[Data for this task]
::::::

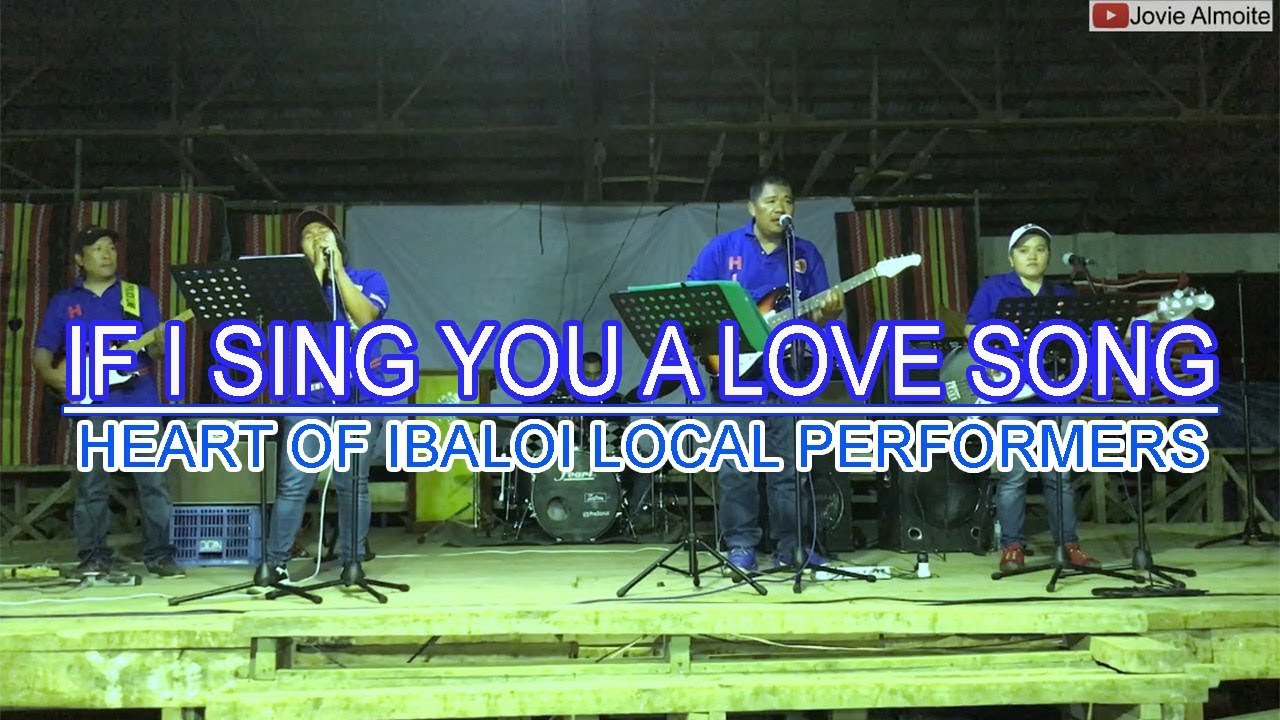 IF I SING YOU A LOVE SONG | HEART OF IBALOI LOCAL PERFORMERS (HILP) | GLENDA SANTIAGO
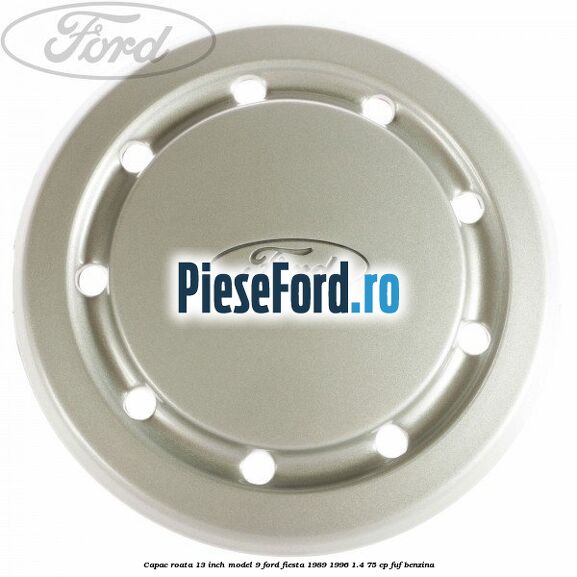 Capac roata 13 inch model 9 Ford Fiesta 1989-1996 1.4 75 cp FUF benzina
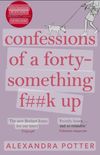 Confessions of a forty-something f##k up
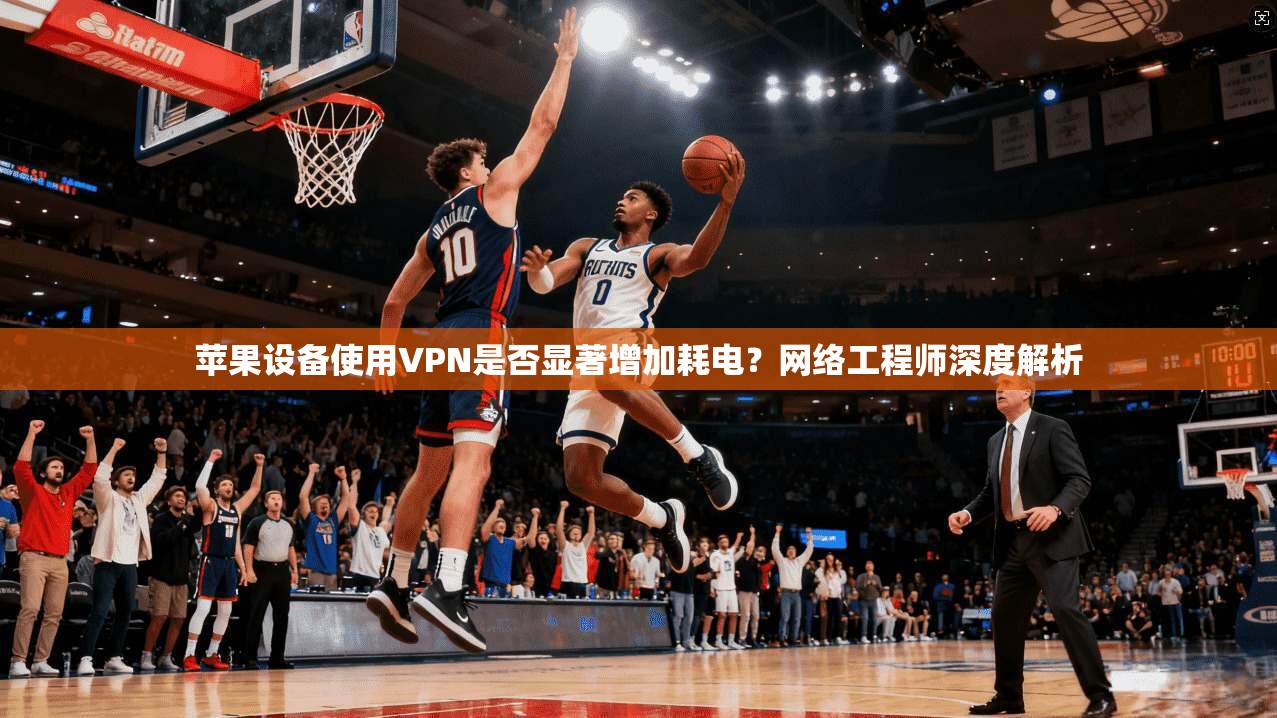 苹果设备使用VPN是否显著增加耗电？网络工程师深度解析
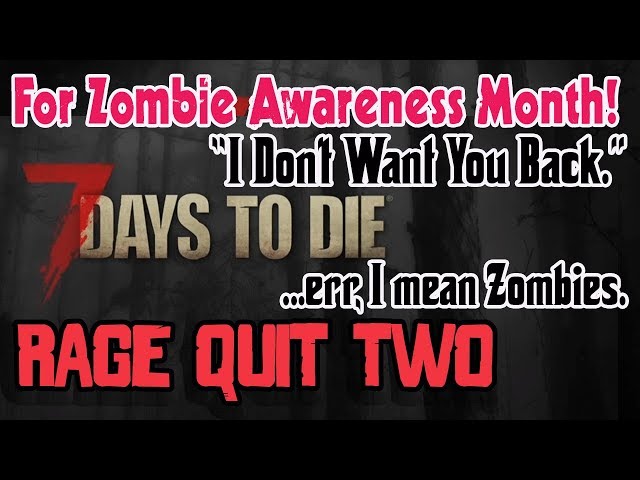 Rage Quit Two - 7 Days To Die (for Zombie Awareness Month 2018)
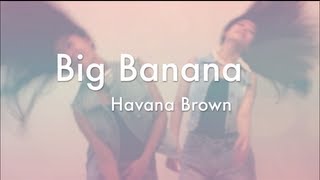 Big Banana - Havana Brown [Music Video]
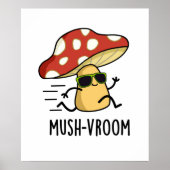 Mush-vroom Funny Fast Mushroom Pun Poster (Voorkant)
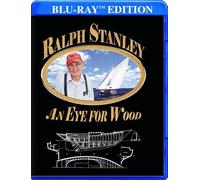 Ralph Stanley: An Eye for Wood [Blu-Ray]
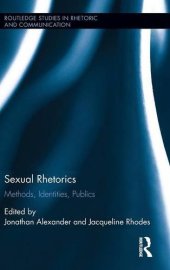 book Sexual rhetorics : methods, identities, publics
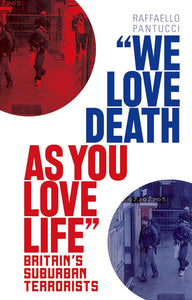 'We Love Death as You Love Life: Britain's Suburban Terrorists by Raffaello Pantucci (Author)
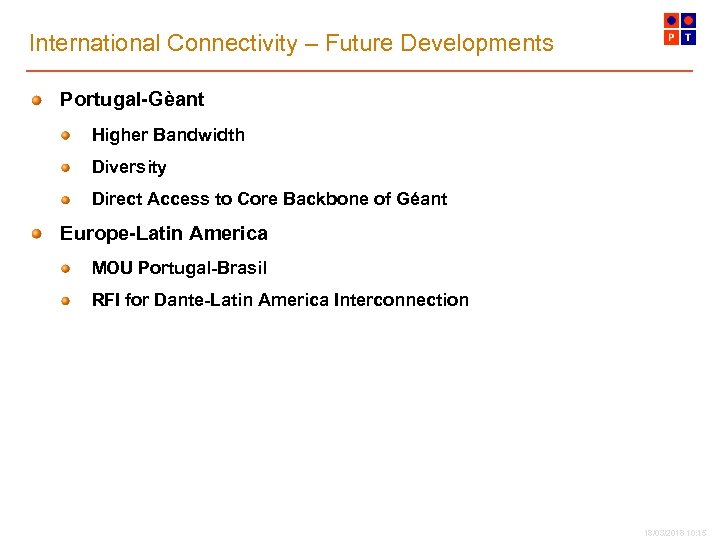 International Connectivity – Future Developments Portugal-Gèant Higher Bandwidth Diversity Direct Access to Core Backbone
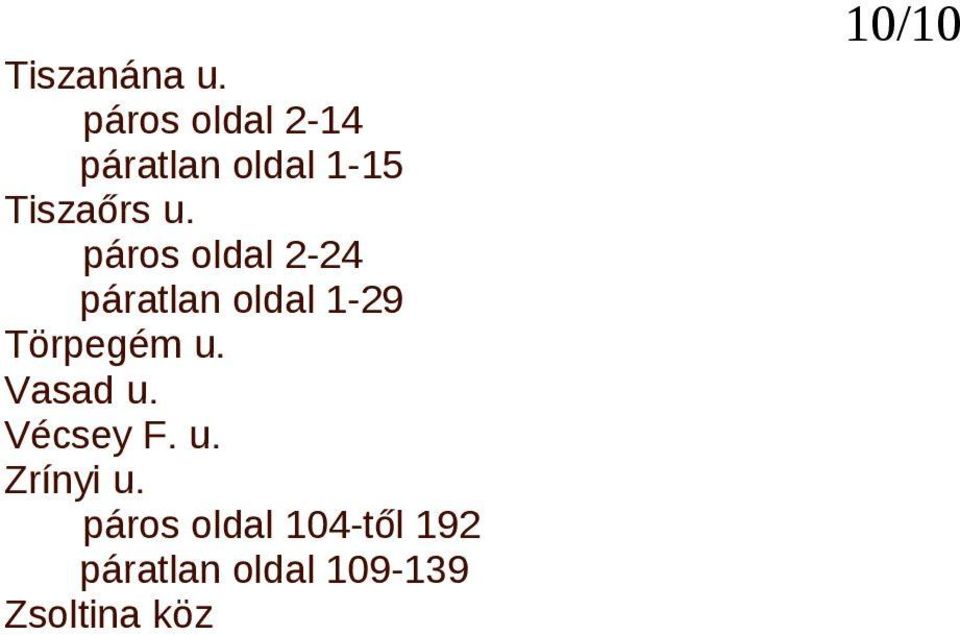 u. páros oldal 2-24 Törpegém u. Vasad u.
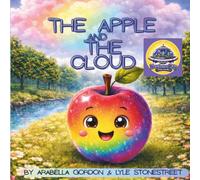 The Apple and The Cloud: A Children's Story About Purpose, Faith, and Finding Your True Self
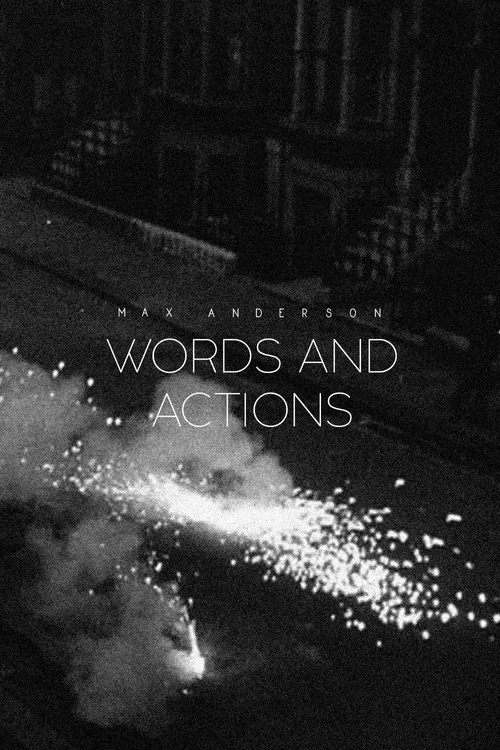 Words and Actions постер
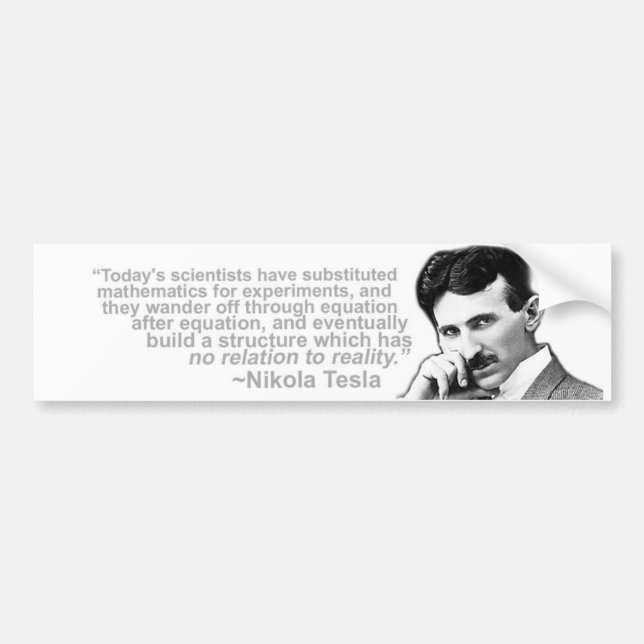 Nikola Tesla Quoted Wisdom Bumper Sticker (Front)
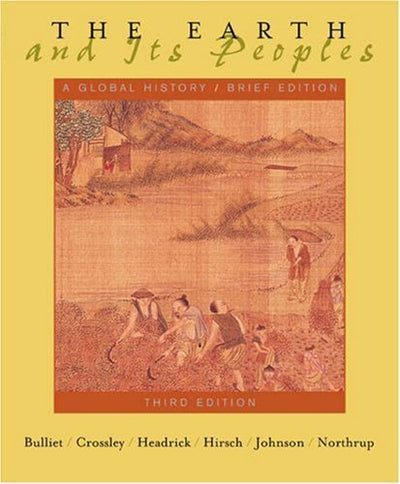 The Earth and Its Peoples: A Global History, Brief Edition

::::::

While leaving pictures out, reproduce exactly the lines from the beginning of the listing above through the line containing "Nikola Tesla Quoted", both ends included.

[Reply]
 IF I SING YOU A LOVE SONG | HEART OF IBALOI LOCAL PERFORMERS (HILP) | GLENDA SANTIAGO
 Capac roata 13 inch model 9 Ford Fiesta 1989-1996 1.4 75 cp FUF benzina
 Confessions of a forty-something f##k up
 苹果设备使用VPN是否显著增加耗电？网络工程师深度解析
 Rage Quit Two - 7 Days To Die (for Zombie Awareness Month 2018)
 Big Banana - Havana Brown [Music Video]
 Mush-vroom Funny Fast Mushroom Pun Poster (Voorkant)
 Ralph Stanley: An Eye for Wood [Blu-Ray]
 book Sexual rhetorics : methods, identities, publics
 'We Love Death as You Love Life: Britain's Suburban Terrorists by Raffaello Pantucci (Author)
 International Connectivity – Future Developments Portugal-Gèant Higher Bandwidth Diversity Direct Access to Core Backbone
 u. páros oldal 2-24 Törpegém u. Vasad u.
 The Apple and The Cloud: A Children's Story About Purpose, Faith, and Finding Your True Self
 Words and Actions постер
 Nikola Tesla Quoted Wisdom Bumper Sticker (Front)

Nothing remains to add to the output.